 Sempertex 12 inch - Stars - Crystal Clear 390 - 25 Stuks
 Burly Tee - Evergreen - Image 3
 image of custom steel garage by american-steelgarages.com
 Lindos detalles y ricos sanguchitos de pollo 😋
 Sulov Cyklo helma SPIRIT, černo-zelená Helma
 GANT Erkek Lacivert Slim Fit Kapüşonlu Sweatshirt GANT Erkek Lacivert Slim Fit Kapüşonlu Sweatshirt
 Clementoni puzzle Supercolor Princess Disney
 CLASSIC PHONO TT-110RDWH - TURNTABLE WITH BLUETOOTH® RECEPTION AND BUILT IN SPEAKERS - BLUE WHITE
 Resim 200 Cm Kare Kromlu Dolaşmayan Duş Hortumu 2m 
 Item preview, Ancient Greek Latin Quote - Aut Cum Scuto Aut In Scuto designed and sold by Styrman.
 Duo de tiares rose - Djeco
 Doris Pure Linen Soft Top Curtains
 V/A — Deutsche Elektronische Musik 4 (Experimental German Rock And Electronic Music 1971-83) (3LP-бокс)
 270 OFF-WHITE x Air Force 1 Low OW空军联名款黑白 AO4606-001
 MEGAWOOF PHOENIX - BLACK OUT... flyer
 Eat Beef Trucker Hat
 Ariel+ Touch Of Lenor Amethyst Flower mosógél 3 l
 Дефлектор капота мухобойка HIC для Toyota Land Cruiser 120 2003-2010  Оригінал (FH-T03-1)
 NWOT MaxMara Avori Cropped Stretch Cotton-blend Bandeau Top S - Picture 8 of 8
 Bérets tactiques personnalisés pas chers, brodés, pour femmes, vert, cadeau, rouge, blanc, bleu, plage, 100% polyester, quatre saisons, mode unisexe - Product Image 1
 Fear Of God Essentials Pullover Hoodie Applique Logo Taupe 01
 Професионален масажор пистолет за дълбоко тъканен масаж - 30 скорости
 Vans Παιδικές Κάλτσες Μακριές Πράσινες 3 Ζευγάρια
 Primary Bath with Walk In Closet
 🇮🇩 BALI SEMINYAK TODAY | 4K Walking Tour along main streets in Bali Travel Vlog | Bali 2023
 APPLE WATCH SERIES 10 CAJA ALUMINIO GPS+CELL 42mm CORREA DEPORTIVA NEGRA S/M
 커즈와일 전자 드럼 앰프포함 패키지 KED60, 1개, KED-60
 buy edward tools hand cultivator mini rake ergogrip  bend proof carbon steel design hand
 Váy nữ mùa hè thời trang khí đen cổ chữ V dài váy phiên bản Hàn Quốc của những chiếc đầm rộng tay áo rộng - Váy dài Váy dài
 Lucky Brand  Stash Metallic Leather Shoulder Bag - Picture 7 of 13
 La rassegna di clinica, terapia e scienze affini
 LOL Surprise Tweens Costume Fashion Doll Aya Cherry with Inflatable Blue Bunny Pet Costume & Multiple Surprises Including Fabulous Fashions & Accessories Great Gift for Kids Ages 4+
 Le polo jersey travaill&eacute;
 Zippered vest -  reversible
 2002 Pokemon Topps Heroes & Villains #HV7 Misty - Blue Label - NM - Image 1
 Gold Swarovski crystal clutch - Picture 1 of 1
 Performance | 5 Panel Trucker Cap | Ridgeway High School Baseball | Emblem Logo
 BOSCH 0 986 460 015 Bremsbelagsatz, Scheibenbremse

================================

* [Task prompt] When the line with "Duo de tiares rose - Djeco" is reached in the data above, start copying there, and copy each line exactly until the line with "Ariel+ Touch Of" has been copied; copy nothing else.

* [Solution to this exercise]
 Duo de tiares rose - Djeco
 Doris Pure Linen Soft Top Curtains
 V/A — Deutsche Elektronische Musik 4 (Experimental German Rock And Electronic Music 1971-83) (3LP-бокс)
 270 OFF-WHITE x Air Force 1 Low OW空军联名款黑白 AO4606-001
 MEGAWOOF PHOENIX - BLACK OUT... flyer
 Eat Beef Trucker Hat
 Ariel+ Touch Of Lenor Amethyst Flower mosógél 3 l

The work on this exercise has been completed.